* _Dataset content_
★ ★ ★ ★

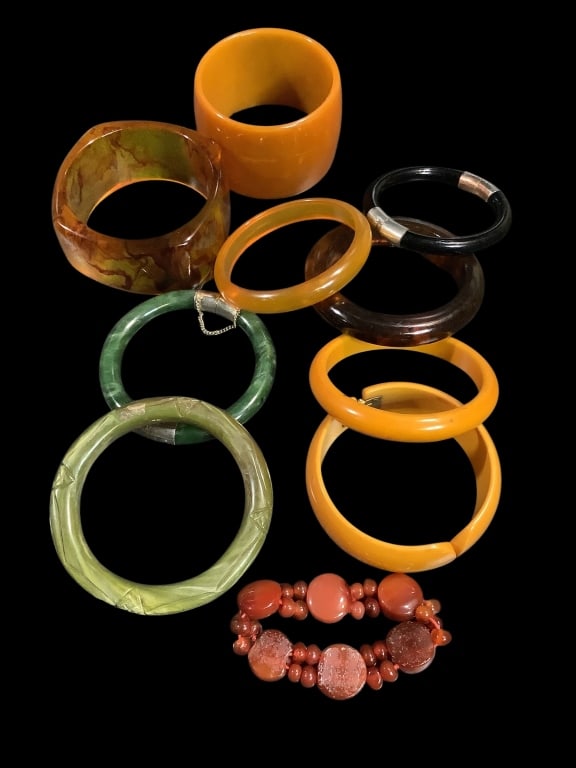 Collection of Vintage Bracelets (1 of 6)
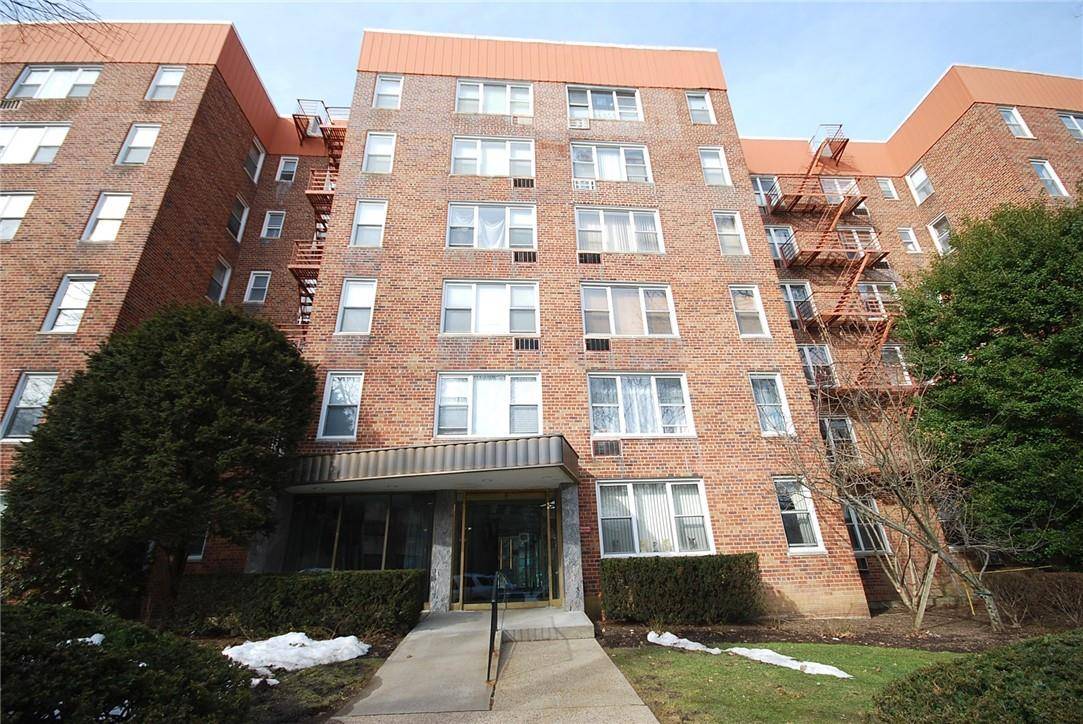 120 Dehaven DR #426, Yonkers, NY 10703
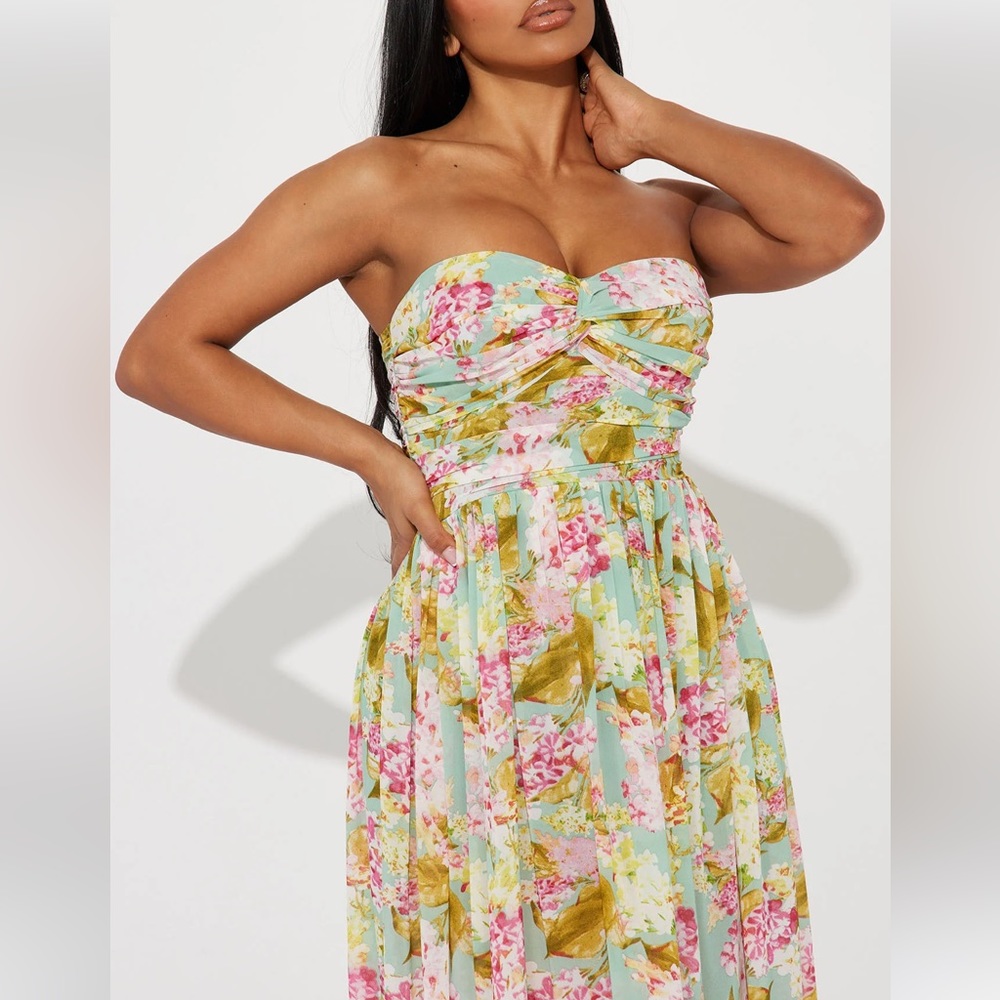 BNWT, Fashion Nova floral maxi dress size medium - Picture 3 of 6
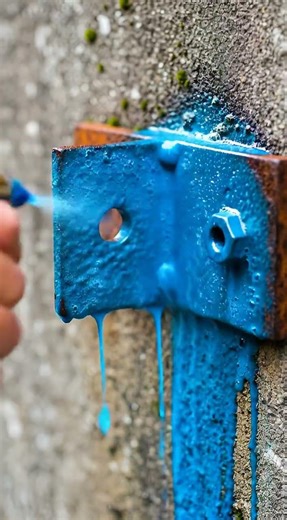 Rusty Fence Bracket Restored Clean Instantly ‼️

★ ★ ★ ★

* _Exercise_
Only the lines from the line with "120 Dehaven DR #426, Yonkers, NY 10703" to the bottom of the material above should be reproduced, exactly and without pictures.

* _Output of the task_
 120 Dehaven DR #426, Yonkers, NY 10703
 BNWT, Fashion Nova floral maxi dress size medium - Picture 3 of 6
 Rusty Fence Bracket Restored Clean Instantly ‼️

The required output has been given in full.